Summary: Reasoning models and the road ahead
The track closes at the current frontier. Reasoning models generate an explicit chain of thinking before the answer, kept separate from it, and the steps actually improve the answer on multi-step problems where a one-shot guess is often wrong. They are trained with reinforcement learning rather than pure imitation: where SFT copies good responses, RL rewards reasoning that reaches a correct result. The landscape anchors: DeepSeek R1 showed this at scale, Open R1 reproduces it openly, and GRPO (the RL method) lives in TRL, the same library as SFTTrainer, so the pipeline extends pretrain to SFT to RL. The deeper point is the open ecosystem (you used all of it) and the durable method that outlasts any specific frontier. This is the scan version; the lesson is the track’s capstone.
Core ideas
Section titled “Core ideas”- Reasoning models think before answering. They generate an explicit, structured chain of thinking, then the answer. The steps are not decoration; they improve results on multi-step problems.
- RL, not just imitation. SFT copies good responses; reinforcement learning rewards reasoning that reaches correct results, so the model learns to think its way there.
- Landscape anchors. DeepSeek R1 demonstrated reasoning-via-RL at scale; Open R1 is the open Hugging Face reproduction; GRPO is the RL method, in TRL. Pipeline: pretrain, SFT, then RL.
- The open ecosystem is the through-line. Hub, transformers, datasets, tokenizers, Trainer/TRL, PEFT, Gradio/Spaces, Argilla, you used all of it; Open R1 brings the newest capability into the open.
- The applied loop is model-agnostic. Name the task and shape, pick or fine-tune a model, curate data, debug, ship, the same loop on a 2018 classifier or a 2025 reasoning model.

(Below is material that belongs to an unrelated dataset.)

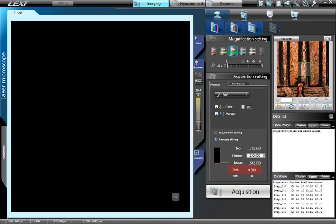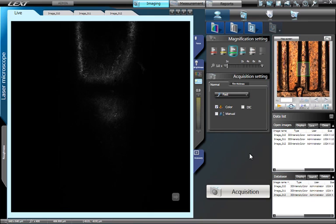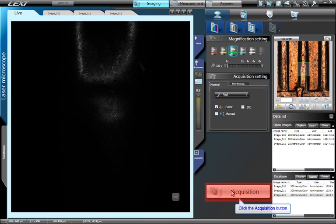The LEXT will automatically determine the pitch or distance between image slices as well as the amount of images to be acquired as a function of the objective lens. Selecting the Fast or Fine acquisition mode greatly influences these parameters. Now that we have selected the appropriate acquisition mode and have set our brightness, let's acquire a confocal image by simply pressing the Acquisition button.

- The method outlasts the frontier. Specific models and techniques go stale; choosing the right shape, using the ecosystem, curating data, evaluating honestly, debugging, and shipping do not.
What changes for you
Section titled “What changes for you”This is graduation, and the point is not that you have memorized today’s frontier. Reasoning models are the headline now and something else will be next; particular model names go stale within months, as lesson 1 warned. What you actually leave with is the working method, the loop that runs the same whether the model is a BERT classifier or a reasoning model, plus the open tools to apply it. That combination is what lets you pick up the next capability and use it rather than watch from outside. AI is not a fixed body of knowledge you either have or lack; it is a fast-moving ecosystem, and staying useful in it means holding the method steady while the specifics churn. You now have that method. The frontier will keep moving, and you can move with it.
Tokens in, tokens out, attention in the middle: that was lesson 1, and it still holds for the reasoning models at today’s frontier. You started this track unable to run a model and end it able to use, adapt, curate for, ship, and reason about the whole ecosystem. The frontier will keep moving; you now have the method to move with it.